# .308 brass



## Tortuga (May 21, 2004)

http://www.cabelas.com/cabelas/en/t.../search-box.jsp.form23&_dyncharset=ISO-8859-1

Been chattin' with Linda this AM about finding .308 brass. Checked Cabelas (link above) and they said they finally has some in stock now .They been back-ordered for months.They confirmed orderand saidthey would ship May 4.. We shall see. LOL... They also got 'em in bags of 100 if you are REAL ambitious.
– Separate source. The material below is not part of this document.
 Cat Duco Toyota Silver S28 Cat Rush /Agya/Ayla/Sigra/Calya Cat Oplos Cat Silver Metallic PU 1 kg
It sure is nice to work with brand new unprimed shiney brass all ready to go..Just drill and tube..No pollishing needed.. If anybody is in need..this is a pretty fair price for new brass...

I also got in a can of aerosol Brass protective spray this am.. Gonna give it a try and I'll let ya know. I got it from Woodcraft and forget the name right now and it's all the way out in the garage and I am too pooped to go chase it now.. I'll post up name and results sometimes this weekend if anybody is interested....
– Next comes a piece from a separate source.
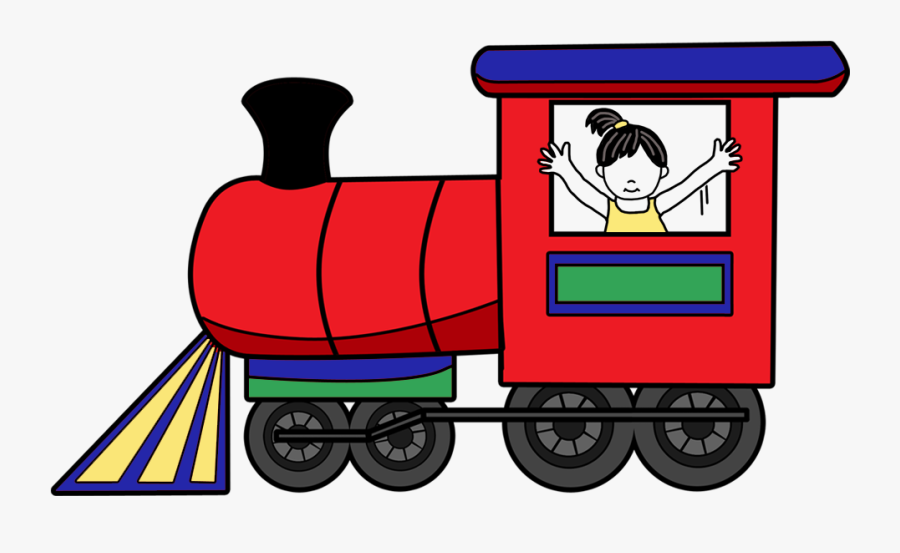 Clip Art Asian Girl On Train - Red And Black Train, Transparent Clipart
Well...found the link for the brass protectant...Link below..

http://www.woodcraft.com/product.aspx?ProductID=13B55&FamilyID=3260


----------



## Robert A. (Jan 8, 2009)

Ahoy Mate! LOL have you had to chance to try out the staybrite Brass laquer finish on the brass casings?? 
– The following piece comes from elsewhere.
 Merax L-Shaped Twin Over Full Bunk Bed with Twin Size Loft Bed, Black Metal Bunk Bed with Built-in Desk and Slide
It seems a bit pricey, but if it works than it is probably worh it in the long run...


----------



## Tortuga (May 21, 2004)

Robert..I gave it a try but was not satisfied with it. I sprayed it on a couple of casings on low speed on the lathe and kept it going till it dried. Finish was kinda pebbled so I had to sand it smooth again..and I'm thinking I probably sanded all of the finish off. I might give it a try just polishing the brass first then spraying it on them off the lathe and see if that helps.. At this point, I would say I ain't satisfied with the results.. I think the best deal is to just finish the pens raw and let the recipients touch them up with Brasso when they start to tarnish...


----------



## Robert A. (Jan 8, 2009)

Sounds like a plan!! the only thing i can think of that may work is Clear Powder coat. Lift had mentioned that to me months back but i was waiting to see if it panned out for him.


----------



## FishBone (Oct 11, 2004)

Tortuga said:


> http://www.cabelas.com/cabelas/en/t.../search-box.jsp.form23&_dyncharset=ISO-8859-1
> 
> Been chattin' with Linda this AM about finding .308 brass. Checked Cabelas (link above) and they said they finally has some in stock now .They been back-ordered for months.They confirmed orderand saidthey would ship May 4.. We shall see. LOL... They also got 'em in bags of 100 if you are REAL ambitious. It sure is nice to work with brand new unprimed shiney brass all ready to go..Just drill and tube..No pollishing needed.. If anybody is in need..this is a pretty fair price for new brass...
> 
> ...


Thanks for the heads up.
Just ordered some brass.

FishBone


----------



## Robert A. (Jan 8, 2009)

Hey FB, were you able to knock any bullet pens out last night?


----------



## Tortuga (May 21, 2004)

FishBone said:


> Thanks for the heads up.
> Just ordered some brass.
> 
> FishBone


FB...I got my shipment in from Cabelas this AM..so they DO have some on hand.. I was prepared for a lot longer wait.. just an FYI on your order.


----------



## Bobby (May 21, 2004)

Robert A. said:


> Sounds like a plan!! the only thing i can think of that may work is Clear Powder coat. Lift had mentioned that to me months back but i was waiting to see if it panned out for him.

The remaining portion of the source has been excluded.